К этому он мог бы добавить, что у него, который вырос в Гоувене и оставил школу в пятнадцать лет, чтобы учиться ремеслу, таких возможностей никогда не было. Но я это и так знаю. С другой стороны, если задуматься, то настолько ли все отличается, если ты вырос в Лейте и оставил школу в шестнадцать лет, чтобы учиться все тому же ремеслу? Особенно учитывая тот факт, что, когда мой отец был молодым, о массовой безработице никто ещё и слыхом не слыхивал. Но я всё равно не в состоянии с ним спорить, а если бы даже и был в состоянии, то бесполезно спорить с человеком из Глазго. Все они, сколько я их встречал, уверены в том, что они единственные пролетарии в Шотландии — да что там в Шотландии! — в Западной Европе, во всём мире, — которым действительно тяжело живется. Только им известно, что такое хлебнуть лиха, и больше никому. Поэтому я захожу с другой стороны.
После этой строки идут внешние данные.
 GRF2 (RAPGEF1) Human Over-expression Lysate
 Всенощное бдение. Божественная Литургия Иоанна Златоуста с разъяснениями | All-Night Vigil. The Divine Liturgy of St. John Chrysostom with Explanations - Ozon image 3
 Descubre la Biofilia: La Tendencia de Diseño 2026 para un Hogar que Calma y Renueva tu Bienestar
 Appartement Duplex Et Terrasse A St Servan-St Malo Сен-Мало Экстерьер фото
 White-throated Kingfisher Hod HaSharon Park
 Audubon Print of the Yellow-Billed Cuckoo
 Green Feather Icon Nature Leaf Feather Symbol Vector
— Э-э-э… может, я вернусь назад в Лондон. Найду работу… — Я уже на грани бреда, мне кажется, что в комнате присутствует Мэтти. — Мэтти! — зову я его, или Мне кажется, что зову.
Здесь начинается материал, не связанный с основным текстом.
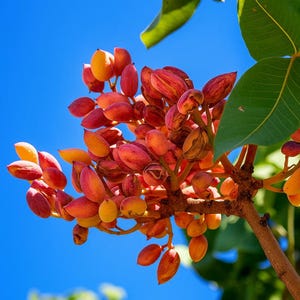 5 Pistachio Nut Tree Seeds – Pistacia vera, Edible Garden Plant, Hardy Zone 7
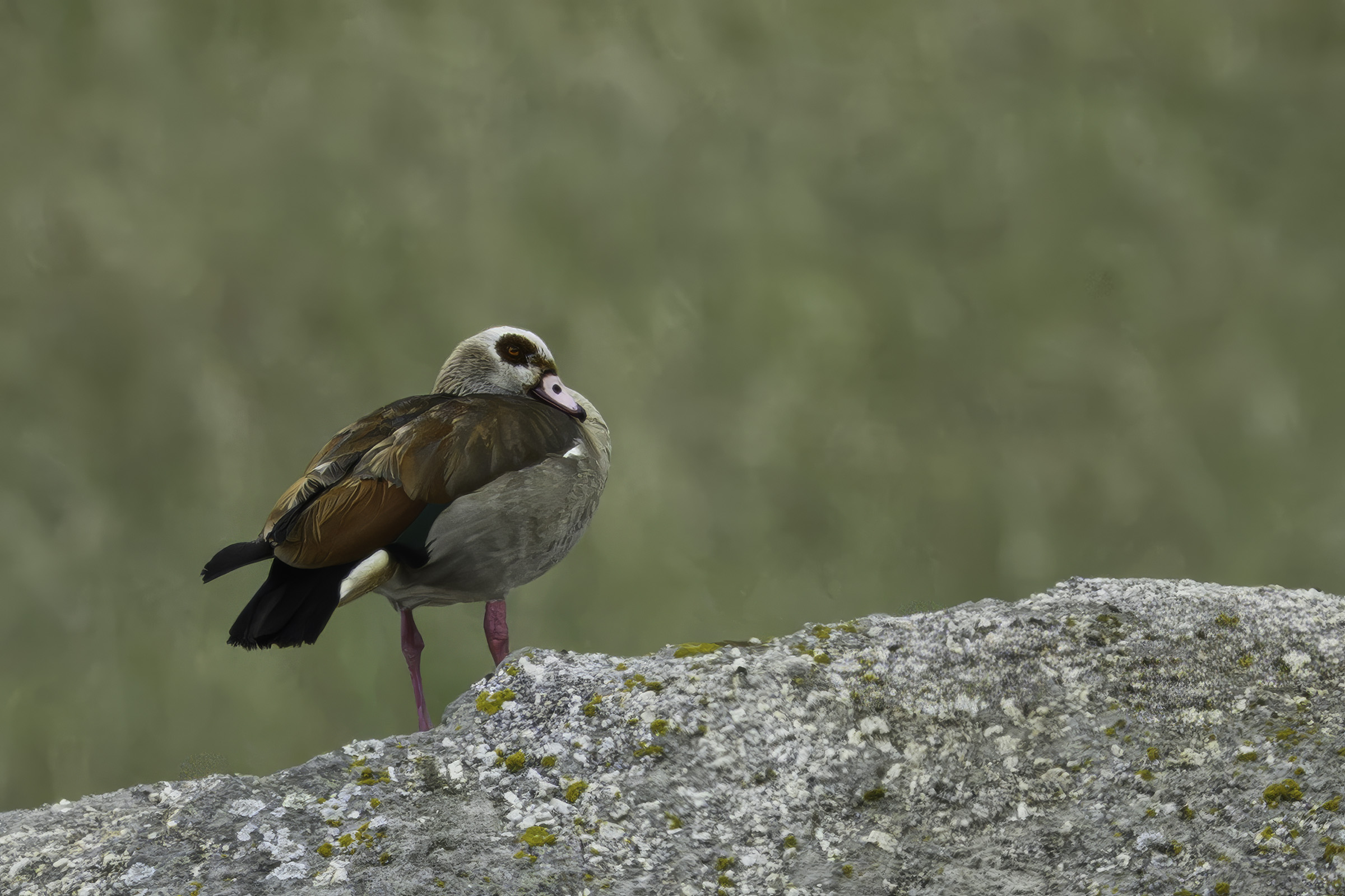 Nilg�s (dokuskud), Los Barruecos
Проклятая боль не отпускает.
— Ты в заоблачной стране кукушек, сынок. Это тупик. Если обосрёшься, дай мне знать.
Это уж вряд ли. Мои кишки окаменели, и их, очевидно, придется удалять хирургически. Чтобы добиться хоть какого-то результата, мне теперь придётся день за днем глотать, давясь, раствор магнезии в молоке. Когда мой предок высказался и ушёл, я уломал маму выдать мне пару таблеток валиума. Мама сидела на валиуме шесть месяцев после смерти Дэйви. Беда в том, что, после того как мама с него слезла, она возомнила себя экспертом в области реабилитации наркоманов. Ах, мамочка, мамочка, ширево — это тебе не транквилизаторы!
Итак, я очутился под домашним арестом.
Первое утро нельзя было назвать праздничным, но оно показалось мне раем по сравнению с тем, что началось ближе к вечеру. Мой предок вернулся с познавательной экскурсии по библиотекам, учреждениям здравоохранения и социального обеспечения, вооружённый кучей полезных сведений, ценных советов и бесплатных брошюр.
Прежде всего он хотел, чтобы я сдал анализы на ВИЧ. А мне совсем не улыбалось проходить через все это дерьмо по-новой.